◆ Records to use:

○ ○ ○ ○ ○

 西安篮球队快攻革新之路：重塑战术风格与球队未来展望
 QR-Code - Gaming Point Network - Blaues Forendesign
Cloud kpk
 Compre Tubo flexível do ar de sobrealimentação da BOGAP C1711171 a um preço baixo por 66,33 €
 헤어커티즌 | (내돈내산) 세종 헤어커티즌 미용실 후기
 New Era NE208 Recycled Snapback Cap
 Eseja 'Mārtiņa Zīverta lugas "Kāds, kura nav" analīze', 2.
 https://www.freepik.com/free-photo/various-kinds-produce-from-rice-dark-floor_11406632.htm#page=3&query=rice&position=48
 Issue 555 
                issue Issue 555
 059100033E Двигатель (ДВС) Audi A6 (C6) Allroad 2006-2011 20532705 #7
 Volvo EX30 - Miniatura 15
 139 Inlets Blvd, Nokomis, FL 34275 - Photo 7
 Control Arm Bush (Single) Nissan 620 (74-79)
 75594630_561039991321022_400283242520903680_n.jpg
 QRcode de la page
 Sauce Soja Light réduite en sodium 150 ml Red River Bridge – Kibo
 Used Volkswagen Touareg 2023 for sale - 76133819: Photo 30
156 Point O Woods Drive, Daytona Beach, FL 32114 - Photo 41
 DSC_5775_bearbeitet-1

○ ○ ○ ○ ○

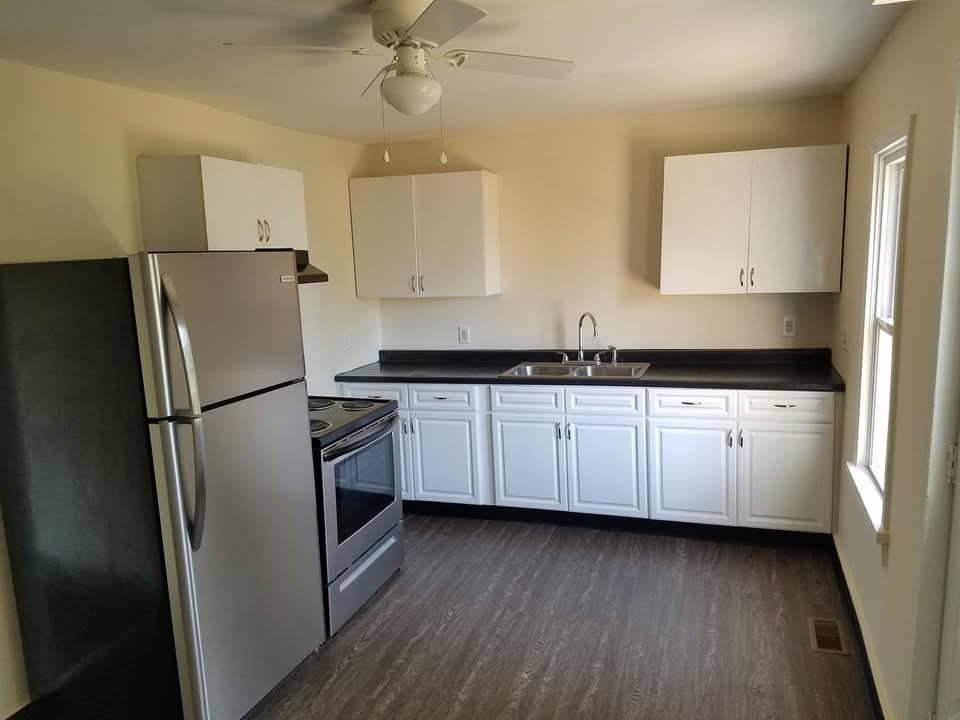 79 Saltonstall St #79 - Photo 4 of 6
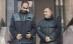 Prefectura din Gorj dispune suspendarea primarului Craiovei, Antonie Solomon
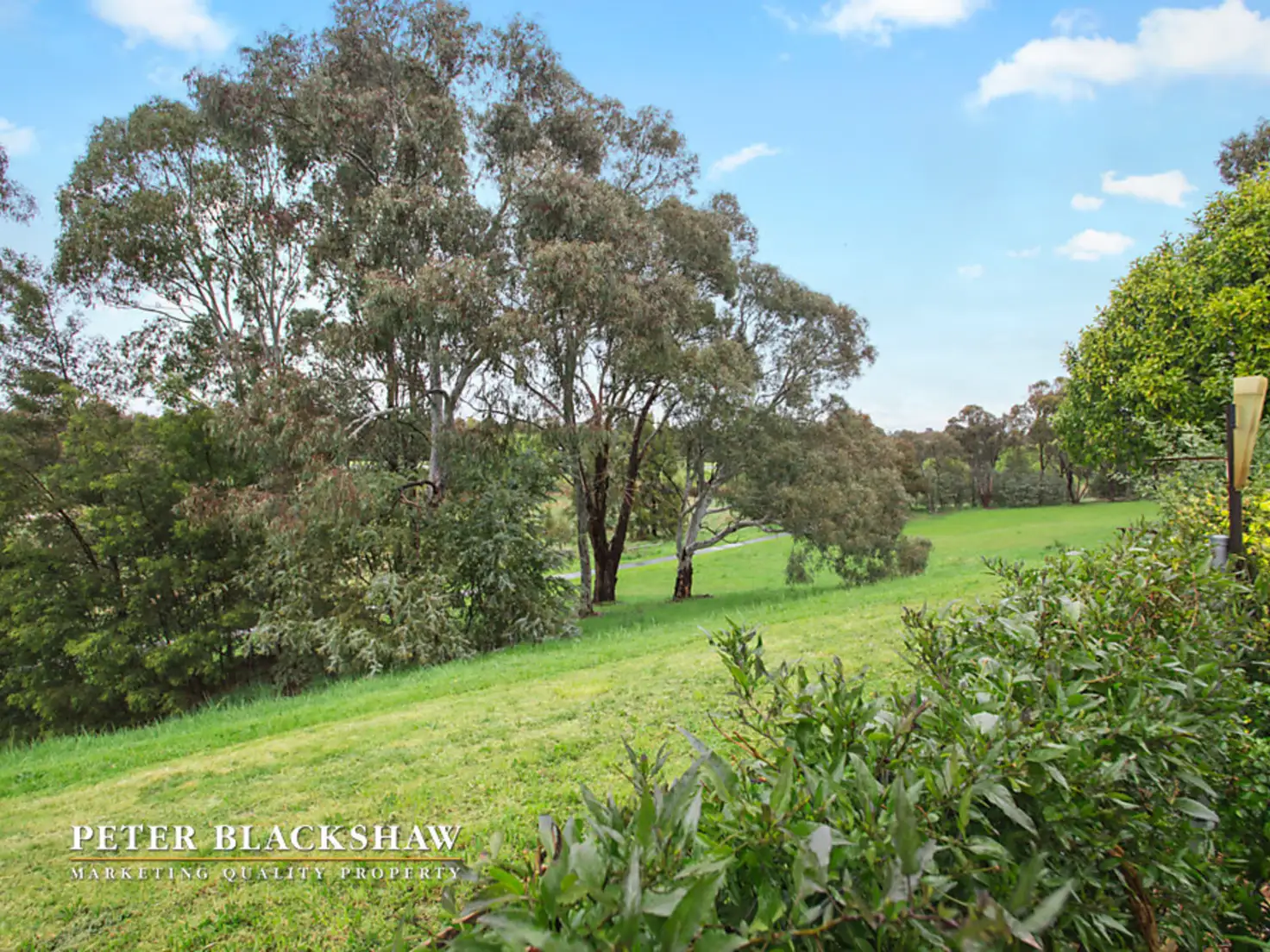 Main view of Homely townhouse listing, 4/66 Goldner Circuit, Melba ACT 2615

○ ○ ○ ○ ○

◆ Activity:
Everything above from the line containing "Sauce Soja Light" down to the line containing "DSC_5775_bearbeitet-1" should be copied exactly, both end lines included, and nothing else.

◆ Result of this task:
 Sauce Soja Light réduite en sodium 150 ml Red River Bridge – Kibo
 Used Volkswagen Touareg 2023 for sale - 76133819: Photo 30
156 Point O Woods Drive, Daytona Beach, FL 32114 - Photo 41
 DSC_5775_bearbeitet-1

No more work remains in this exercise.